* [Dataset excerpts]:
*** Block opens ***
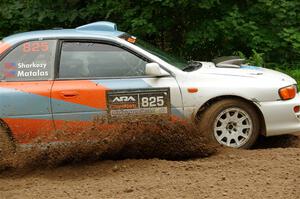 Tyler Matalas / Dustin Sharkozy Subaru Impreza LX on SS1, Crossroads I.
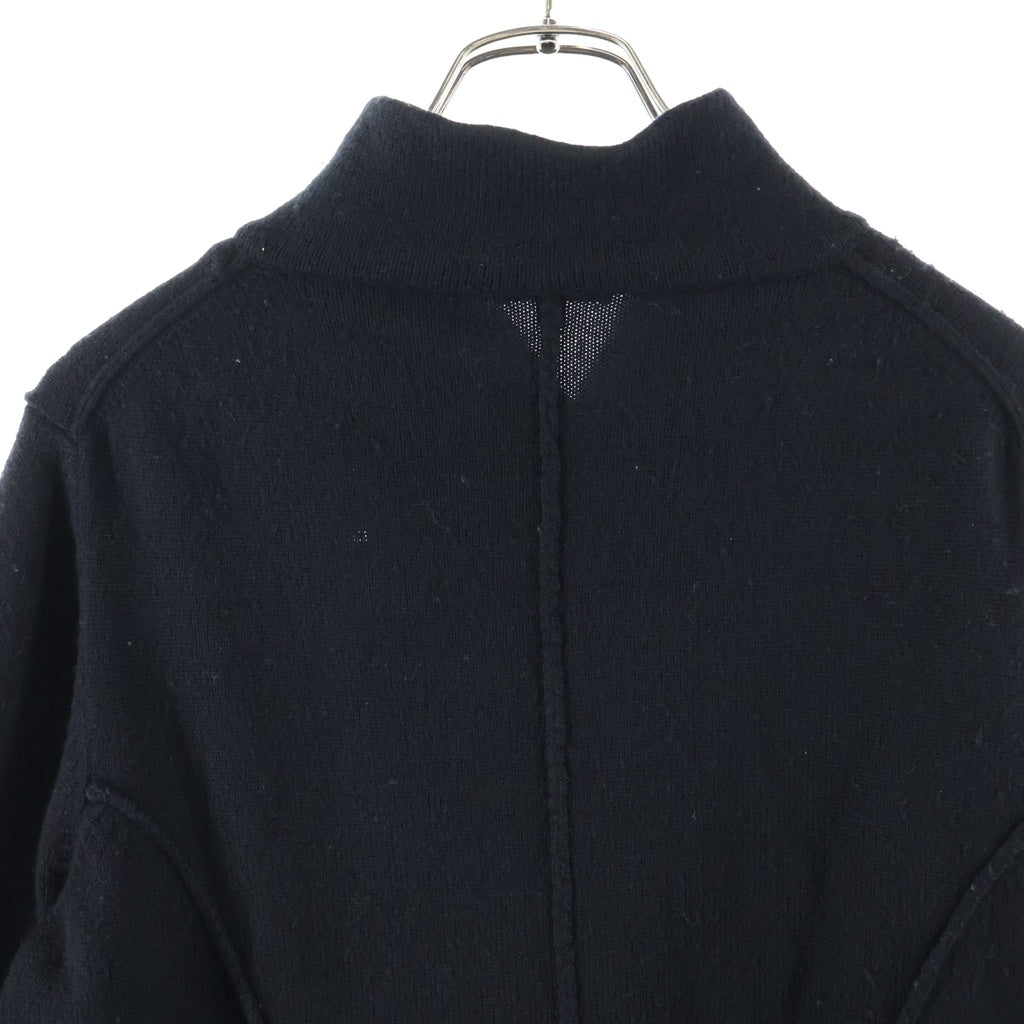 ANN DEMEULEMEESTER(アンドゥムルメステール) ウールニット ナポレオンジャケット 変形 ブラック レディース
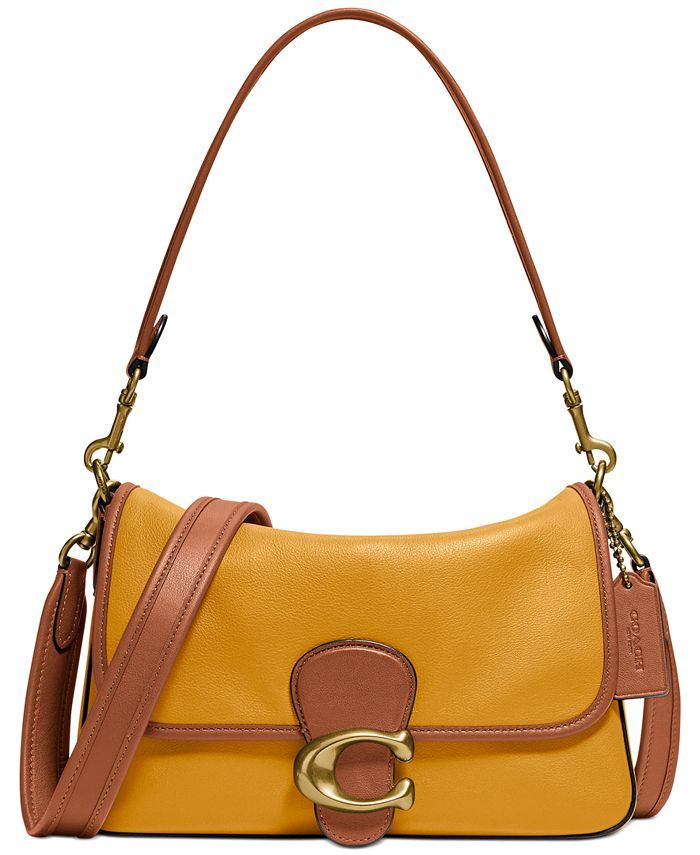 COACH Tabby Soft Colorblocked Leather Shoulder Bag & Reviews - Handbags & Accessories - Macy's | Macys (US)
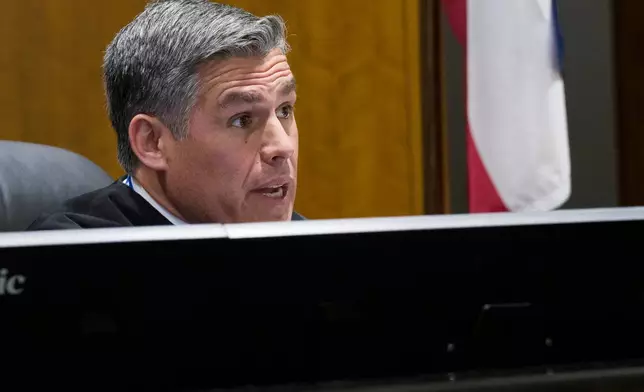 Fourth District Court Judge Tony Graf presides over a hearing for Tyler Robinson in 4th District Court in Provo, Utah, on Friday, Jan. 16, 2026. (Bethany Baker/The Salt Lake Tribune via AP, Pool)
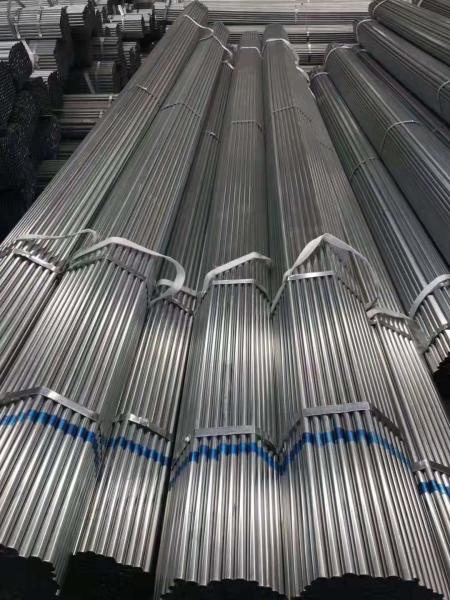 Steel Galvanized Pipe Round SMLS Or Weld Carbon Steel Hot Dipped Galvanized Pipe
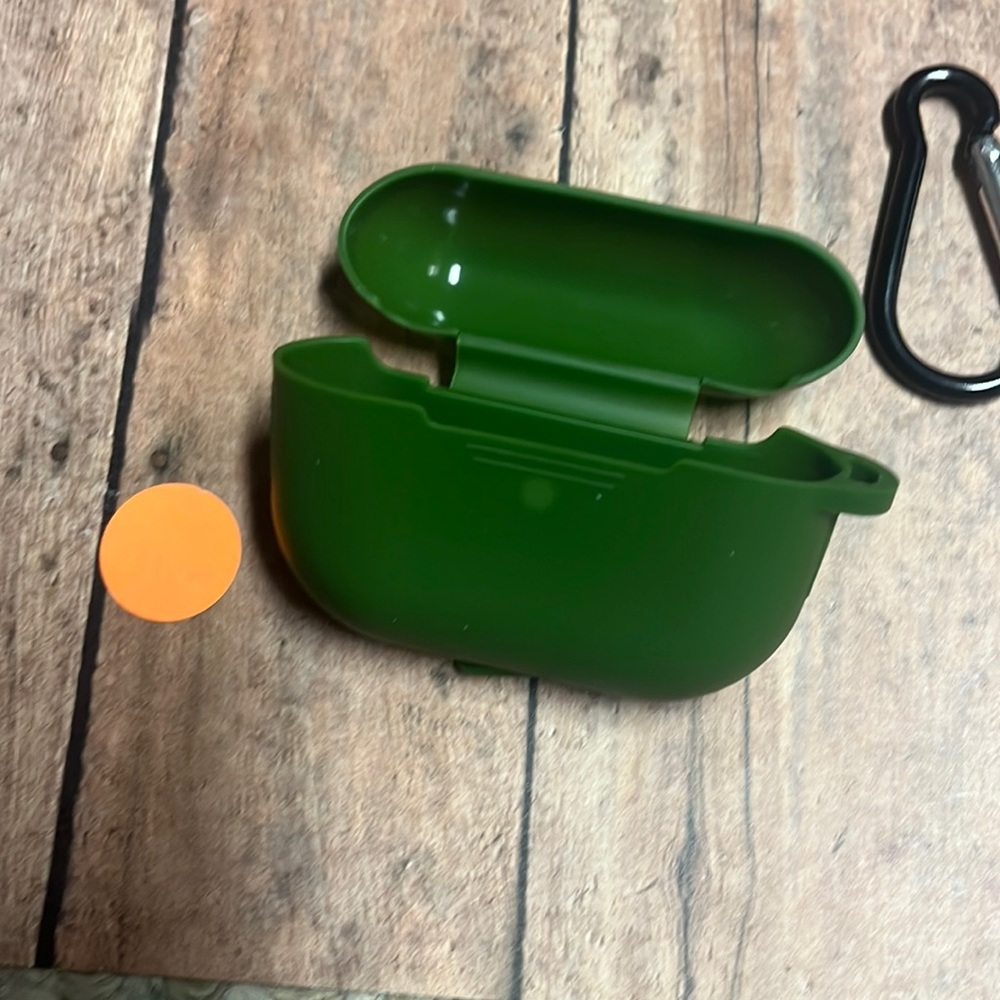 5for$10 Dark Green AirPods Pro silicone protective case - AirPods accessory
*** Block closes ***
* [Prompt]: The response should repeat every entry above exactly and include none of the pictures.

* [Reply]:
 Tyler Matalas / Dustin Sharkozy Subaru Impreza LX on SS1, Crossroads I.
 ANN DEMEULEMEESTER(アンドゥムルメステール) ウールニット ナポレオンジャケット 変形 ブラック レディース
 COACH Tabby Soft Colorblocked Leather Shoulder Bag & Reviews - Handbags & Accessories - Macy's | Macys (US)
 Fourth District Court Judge Tony Graf presides over a hearing for Tyler Robinson in 4th District Court in Provo, Utah, on Friday, Jan. 16, 2026. (Bethany Baker/The Salt Lake Tribune via AP, Pool)
 Steel Galvanized Pipe Round SMLS Or Weld Carbon Steel Hot Dipped Galvanized Pipe
 5for$10 Dark Green AirPods Pro silicone protective case - AirPods accessory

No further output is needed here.